■ **What the task asks**
With the line containing "The Beloved New" as the start and the line containing "شکلات های قهوه" as the end, transcribe that span of the entries below exactly, including both.

■ **Data for review**

- - - -

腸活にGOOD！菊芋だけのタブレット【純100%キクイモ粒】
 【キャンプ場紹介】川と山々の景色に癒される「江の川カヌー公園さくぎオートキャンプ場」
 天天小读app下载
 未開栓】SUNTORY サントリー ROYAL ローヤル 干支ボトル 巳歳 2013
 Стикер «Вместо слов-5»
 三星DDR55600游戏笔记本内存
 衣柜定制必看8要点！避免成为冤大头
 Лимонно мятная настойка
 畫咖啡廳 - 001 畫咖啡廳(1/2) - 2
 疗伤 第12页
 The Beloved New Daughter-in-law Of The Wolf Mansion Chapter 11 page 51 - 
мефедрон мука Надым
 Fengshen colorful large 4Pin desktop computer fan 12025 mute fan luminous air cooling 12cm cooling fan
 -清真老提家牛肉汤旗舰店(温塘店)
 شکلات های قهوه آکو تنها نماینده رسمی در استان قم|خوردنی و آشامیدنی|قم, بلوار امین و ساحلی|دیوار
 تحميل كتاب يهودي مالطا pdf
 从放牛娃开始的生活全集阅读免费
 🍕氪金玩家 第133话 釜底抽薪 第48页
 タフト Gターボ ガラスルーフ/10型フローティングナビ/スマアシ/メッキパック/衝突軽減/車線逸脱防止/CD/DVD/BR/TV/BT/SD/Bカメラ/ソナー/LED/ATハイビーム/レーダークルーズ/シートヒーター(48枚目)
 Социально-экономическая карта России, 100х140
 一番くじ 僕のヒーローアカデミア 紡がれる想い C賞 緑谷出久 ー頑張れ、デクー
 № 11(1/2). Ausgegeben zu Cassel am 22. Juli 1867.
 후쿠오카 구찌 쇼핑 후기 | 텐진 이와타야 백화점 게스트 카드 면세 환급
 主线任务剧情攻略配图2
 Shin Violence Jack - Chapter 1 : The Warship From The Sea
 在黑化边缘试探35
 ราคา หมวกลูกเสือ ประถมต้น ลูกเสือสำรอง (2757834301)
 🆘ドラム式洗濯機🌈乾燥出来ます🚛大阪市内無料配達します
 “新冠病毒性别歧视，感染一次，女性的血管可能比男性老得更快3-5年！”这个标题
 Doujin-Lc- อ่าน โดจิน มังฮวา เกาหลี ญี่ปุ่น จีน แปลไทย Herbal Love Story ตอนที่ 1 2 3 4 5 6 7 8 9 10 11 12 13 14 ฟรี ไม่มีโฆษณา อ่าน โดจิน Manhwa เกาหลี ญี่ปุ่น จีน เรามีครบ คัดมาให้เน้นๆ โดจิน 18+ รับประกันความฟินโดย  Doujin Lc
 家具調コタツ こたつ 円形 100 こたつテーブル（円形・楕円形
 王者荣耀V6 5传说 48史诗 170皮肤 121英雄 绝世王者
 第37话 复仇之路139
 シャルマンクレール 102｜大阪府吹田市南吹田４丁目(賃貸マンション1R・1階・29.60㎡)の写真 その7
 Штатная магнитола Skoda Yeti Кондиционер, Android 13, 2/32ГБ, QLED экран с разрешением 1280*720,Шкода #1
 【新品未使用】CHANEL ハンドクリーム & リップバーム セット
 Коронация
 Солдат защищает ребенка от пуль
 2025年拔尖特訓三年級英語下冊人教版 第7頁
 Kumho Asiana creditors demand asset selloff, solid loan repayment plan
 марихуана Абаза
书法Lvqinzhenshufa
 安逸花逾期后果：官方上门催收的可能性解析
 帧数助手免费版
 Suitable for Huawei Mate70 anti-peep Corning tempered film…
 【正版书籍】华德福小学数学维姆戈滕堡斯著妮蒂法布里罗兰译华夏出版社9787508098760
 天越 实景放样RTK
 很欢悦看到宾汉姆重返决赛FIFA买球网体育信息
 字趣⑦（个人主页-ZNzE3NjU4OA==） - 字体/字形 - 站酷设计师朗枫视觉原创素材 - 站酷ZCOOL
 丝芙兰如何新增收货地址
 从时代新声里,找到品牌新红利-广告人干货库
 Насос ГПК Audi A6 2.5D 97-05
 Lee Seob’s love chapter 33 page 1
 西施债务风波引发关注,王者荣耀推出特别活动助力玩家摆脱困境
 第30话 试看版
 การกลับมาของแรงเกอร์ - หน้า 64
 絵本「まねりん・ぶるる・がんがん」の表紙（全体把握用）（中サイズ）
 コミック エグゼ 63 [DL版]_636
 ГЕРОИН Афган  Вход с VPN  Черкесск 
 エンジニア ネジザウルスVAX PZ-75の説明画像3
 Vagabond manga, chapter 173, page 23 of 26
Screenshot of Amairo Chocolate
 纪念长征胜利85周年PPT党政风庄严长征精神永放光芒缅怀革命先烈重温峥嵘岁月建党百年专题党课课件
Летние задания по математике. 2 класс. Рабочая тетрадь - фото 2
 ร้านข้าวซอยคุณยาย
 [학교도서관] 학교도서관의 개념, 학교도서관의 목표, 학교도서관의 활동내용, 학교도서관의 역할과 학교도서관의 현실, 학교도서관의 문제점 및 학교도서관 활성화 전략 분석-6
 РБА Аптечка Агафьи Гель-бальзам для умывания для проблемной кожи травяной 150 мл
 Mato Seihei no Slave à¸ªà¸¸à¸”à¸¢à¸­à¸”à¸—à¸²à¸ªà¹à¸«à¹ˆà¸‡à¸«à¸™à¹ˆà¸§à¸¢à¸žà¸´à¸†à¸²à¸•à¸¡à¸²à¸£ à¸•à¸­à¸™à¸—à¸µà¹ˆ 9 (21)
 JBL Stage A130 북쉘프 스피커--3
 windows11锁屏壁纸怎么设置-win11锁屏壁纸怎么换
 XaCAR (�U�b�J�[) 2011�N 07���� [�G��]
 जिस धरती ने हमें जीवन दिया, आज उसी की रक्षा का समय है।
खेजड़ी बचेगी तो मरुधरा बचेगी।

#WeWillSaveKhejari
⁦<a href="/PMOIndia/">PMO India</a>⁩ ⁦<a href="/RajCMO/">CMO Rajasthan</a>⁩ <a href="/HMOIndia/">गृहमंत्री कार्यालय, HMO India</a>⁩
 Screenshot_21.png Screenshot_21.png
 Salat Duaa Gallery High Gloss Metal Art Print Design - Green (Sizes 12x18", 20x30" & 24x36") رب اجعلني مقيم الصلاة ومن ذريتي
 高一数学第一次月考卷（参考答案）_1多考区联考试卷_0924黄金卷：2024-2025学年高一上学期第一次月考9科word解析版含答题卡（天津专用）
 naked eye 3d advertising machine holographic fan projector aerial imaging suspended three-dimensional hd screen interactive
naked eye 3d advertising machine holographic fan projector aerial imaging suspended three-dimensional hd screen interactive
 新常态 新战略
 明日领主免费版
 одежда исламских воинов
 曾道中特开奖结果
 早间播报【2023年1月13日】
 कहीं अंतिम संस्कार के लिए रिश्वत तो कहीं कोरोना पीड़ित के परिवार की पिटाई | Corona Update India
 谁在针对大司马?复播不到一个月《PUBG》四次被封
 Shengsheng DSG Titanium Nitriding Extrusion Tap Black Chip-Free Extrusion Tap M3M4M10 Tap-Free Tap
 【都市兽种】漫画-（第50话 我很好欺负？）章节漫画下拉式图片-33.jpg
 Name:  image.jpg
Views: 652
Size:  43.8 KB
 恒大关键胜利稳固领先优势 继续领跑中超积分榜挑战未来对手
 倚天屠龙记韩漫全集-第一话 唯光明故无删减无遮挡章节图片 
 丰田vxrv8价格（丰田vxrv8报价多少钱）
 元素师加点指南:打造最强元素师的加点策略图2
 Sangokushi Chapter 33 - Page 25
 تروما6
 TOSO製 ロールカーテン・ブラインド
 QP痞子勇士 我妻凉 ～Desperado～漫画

- - - -

■ **Finished exercise**
 The Beloved New Daughter-in-law Of The Wolf Mansion Chapter 11 page 51 - 
мефедрон мука Надым
 Fengshen colorful large 4Pin desktop computer fan 12025 mute fan luminous air cooling 12cm cooling fan
 -清真老提家牛肉汤旗舰店(温塘店)
 شکلات های قهوه آکو تنها نماینده رسمی در استان قم|خوردنی و آشامیدنی|قم, بلوار امین و ساحلی|دیوار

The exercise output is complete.